• _Task item_: Check each line of the listing for the word "working" and report the ones that have it.

• _Available data_:
---*---

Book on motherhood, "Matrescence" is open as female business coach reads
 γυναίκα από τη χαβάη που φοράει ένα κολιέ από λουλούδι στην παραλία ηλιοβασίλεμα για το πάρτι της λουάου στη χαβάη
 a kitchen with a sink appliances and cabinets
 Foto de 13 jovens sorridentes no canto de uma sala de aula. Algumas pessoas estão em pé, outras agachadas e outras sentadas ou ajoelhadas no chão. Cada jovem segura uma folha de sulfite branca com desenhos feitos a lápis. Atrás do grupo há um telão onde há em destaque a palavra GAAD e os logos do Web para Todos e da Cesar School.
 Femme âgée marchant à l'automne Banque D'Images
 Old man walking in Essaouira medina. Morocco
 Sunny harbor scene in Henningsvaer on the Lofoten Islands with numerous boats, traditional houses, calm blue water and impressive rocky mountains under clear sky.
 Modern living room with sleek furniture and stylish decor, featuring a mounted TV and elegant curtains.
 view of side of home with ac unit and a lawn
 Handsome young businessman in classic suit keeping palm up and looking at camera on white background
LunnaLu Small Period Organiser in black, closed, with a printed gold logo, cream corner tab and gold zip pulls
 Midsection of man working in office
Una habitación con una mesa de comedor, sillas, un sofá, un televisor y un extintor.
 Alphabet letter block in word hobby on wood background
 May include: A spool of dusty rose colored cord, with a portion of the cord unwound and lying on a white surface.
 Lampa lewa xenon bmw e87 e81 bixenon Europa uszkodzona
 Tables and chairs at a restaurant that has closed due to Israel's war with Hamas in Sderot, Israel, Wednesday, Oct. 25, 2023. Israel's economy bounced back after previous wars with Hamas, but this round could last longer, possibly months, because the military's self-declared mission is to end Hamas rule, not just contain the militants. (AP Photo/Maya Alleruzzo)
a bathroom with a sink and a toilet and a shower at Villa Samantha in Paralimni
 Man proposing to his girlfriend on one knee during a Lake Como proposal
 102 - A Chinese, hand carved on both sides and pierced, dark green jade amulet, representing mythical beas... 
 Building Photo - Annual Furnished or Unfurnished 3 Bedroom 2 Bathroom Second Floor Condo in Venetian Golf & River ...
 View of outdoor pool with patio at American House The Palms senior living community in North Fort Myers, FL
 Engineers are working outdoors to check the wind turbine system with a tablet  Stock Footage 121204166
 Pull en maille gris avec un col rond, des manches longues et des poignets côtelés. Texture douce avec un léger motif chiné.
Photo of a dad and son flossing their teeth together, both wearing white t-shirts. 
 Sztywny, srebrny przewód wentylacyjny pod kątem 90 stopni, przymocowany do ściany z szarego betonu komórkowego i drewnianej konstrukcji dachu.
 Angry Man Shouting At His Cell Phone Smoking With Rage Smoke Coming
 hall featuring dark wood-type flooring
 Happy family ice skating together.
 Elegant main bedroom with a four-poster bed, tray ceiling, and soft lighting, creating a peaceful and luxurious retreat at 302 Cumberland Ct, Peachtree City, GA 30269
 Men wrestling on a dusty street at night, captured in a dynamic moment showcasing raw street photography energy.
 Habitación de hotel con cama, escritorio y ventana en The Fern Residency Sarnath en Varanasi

---*---

• _Task answer_:
 Midsection of man working in office
 Engineers are working outdoors to check the wind turbine system with a tablet  Stock Footage 121204166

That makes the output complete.